Recorded data Block Start

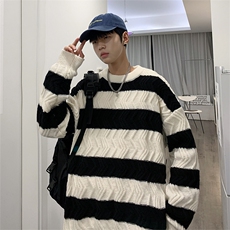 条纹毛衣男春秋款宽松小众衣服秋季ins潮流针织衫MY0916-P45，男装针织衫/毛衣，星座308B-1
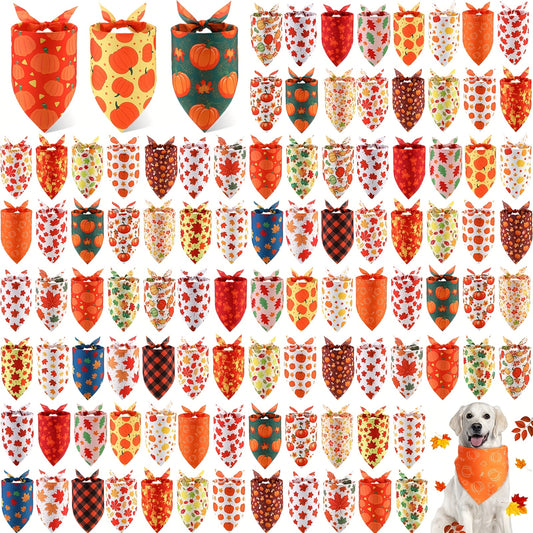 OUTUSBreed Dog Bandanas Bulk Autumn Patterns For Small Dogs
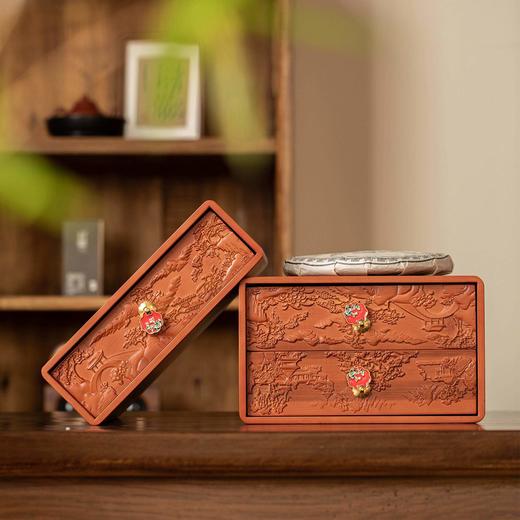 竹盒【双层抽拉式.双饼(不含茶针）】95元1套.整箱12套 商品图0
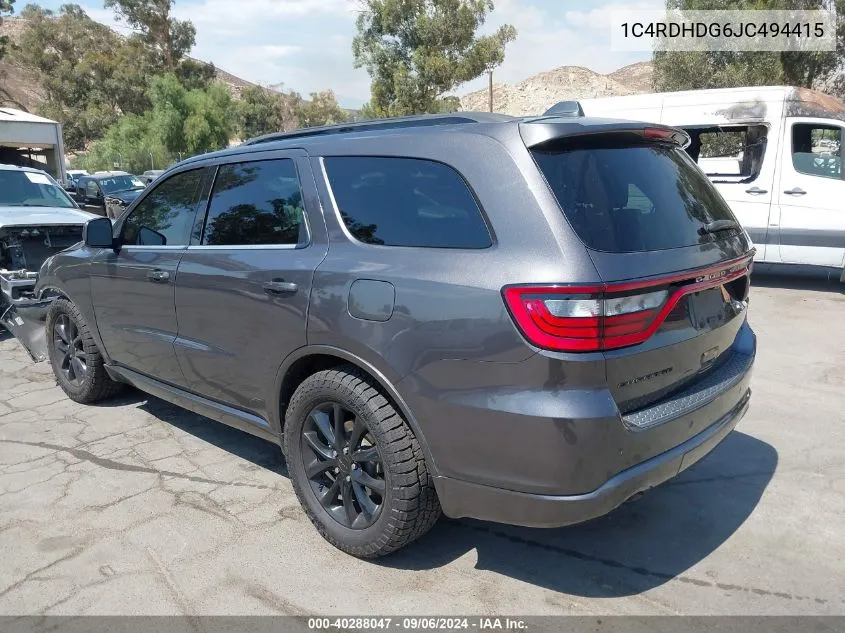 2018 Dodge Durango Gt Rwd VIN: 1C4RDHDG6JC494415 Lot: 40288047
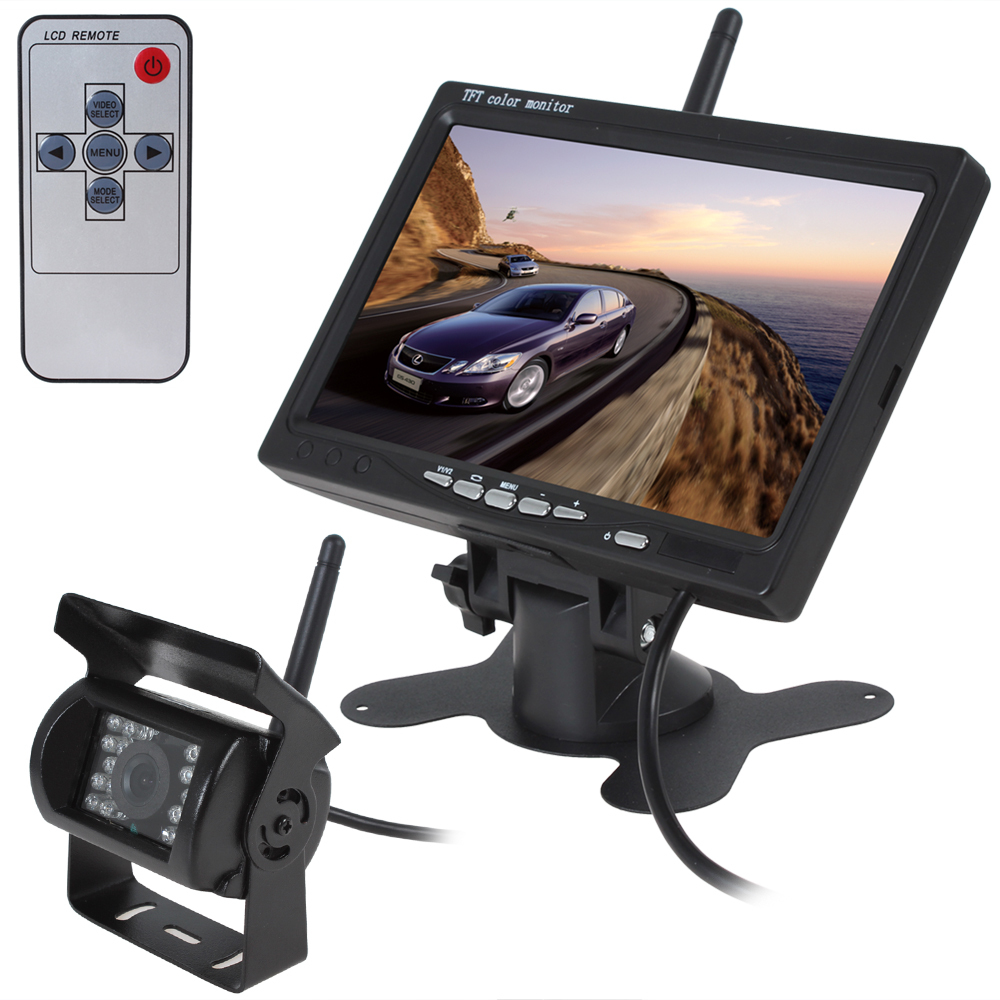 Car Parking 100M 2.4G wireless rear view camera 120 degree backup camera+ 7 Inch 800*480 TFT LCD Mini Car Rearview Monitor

Recorded data Block End

Problem to work on: Restate word for word the lines from the one with "OUTUSBreed Dog Bandanas" to the end of the material, both included. Do not include the pictures.

Expected answer:
 OUTUSBreed Dog Bandanas Bulk Autumn Patterns For Small Dogs
 竹盒【双层抽拉式.双饼(不含茶针）】95元1套.整箱12套 商品图0
 2018 Dodge Durango Gt Rwd VIN: 1C4RDHDG6JC494415 Lot: 40288047
 Car Parking 100M 2.4G wireless rear view camera 120 degree backup camera+ 7 Inch 800*480 TFT LCD Mini Car Rearview Monitor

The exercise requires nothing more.